Three Things: Columbus Blue Jackets vs Ottawa Senators 10/28/14
Welcome to “Three things”, your recap-like-substance for Columbus Blue Jackets games. No one wants to read “this happened, then this happened” boring recaps, so instead of doing that, we’ll look at three important things from the night’s action and talk about those.
Things were okay for two periods, but after an ugly third and a couple of injuries, the night ended poorly for the Blue Jackets.
The injuries keep coming
Can the Blue Jackets maybe go a game or two without another player biting the dust and joining the injured reserve? On Tuesday night, the Jackets lost not, but two players. Defenseman James Wisniewski broke his finger and is expected to miss 1-2 weeks. And that was after Artem Anisimov was floored by an elbow from Eric Gryba. His status going forward is unknown until he’s examined later today. That’s all capped off by a fractured finger for Sergei Bobrovsky suffered in practice Monday, putting him on the injured-reserve as well.
You know the story by now: these two will join Boone Jenner, Nathan Horton, Brandon Dubinsky and Matt Calvert on the shelf and that’s not even including Nick Foligno, who suffered a neck stinger over the weekend and is day-to-day.
The Blue Jackets really needed a break to just survive the rash of injuries that they faced before the year started; losing even more important pieces puts them so far behind the eight-ball they may not be able to recover.
Struggle to finish
For the first time in a few games, the Jackets actually go out to a positive start by scoring first; a power play goal from David Savard. Granted, they gave up that lead 1:03 later, but after starting down 2-0 in several games this year, it’s a step in the right direction.
After two, it was tied 2-2 and things were tight. But the loss of Wisniewski and Anisimov, as well as the play of Robin Lehner (36 saves) helped put the Senators ahead for good in the third. By the 11:08 mark of the third, it was over and the Sens were walking out with two points.

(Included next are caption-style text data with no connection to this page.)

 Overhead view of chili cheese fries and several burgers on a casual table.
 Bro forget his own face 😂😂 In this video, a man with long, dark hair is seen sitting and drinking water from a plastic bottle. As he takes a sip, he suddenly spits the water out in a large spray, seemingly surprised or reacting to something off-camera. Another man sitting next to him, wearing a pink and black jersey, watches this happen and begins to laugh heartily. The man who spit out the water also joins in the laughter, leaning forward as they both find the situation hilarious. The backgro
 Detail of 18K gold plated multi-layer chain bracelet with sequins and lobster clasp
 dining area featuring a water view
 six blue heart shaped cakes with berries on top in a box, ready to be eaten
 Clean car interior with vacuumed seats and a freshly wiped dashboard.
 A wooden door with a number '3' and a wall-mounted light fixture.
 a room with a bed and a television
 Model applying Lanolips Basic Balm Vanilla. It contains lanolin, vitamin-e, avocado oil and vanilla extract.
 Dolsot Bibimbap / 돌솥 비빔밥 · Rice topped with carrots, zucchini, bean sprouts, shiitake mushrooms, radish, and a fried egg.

It’s tough to really fault the team here when they’re so shorthanded, but it’s even tougher to see two points slip away when things were tied after two periods and the team definitely needs to grab as many points as they can early while playing shorthanded. It’s going to be tough sledding until everyone starts getting back and the Jackets might not be able to come back if they start dropping more and more games.
Johansen’s streaking
Turning to something positive to close this out, it should be noted that Ryan Johansen is still on fire. He’s registered at least one point in all nine of the Jackets’ games so far this year and while that’s impressive on the surface, it’s even more impressive given the circumstances to start the year. We all know what they are: he missed training camp and the preseason due to a contract dispute, eventually joining the team before the start of the season and having his condition criticized by head coach Todd Richards.
Instead of struggling as we all expected, he’s currently tied for fifth in the NHL in scoring with names like Corey Perry, Jeff Carter, Jason Spezza and Ryan Getzlaf. Not bad company to be in. Reasonably, it can’t be expected of him to extend this thing much further; it’s hard enough to do in the NHL as it is without having to do so while half your team is on the shelf.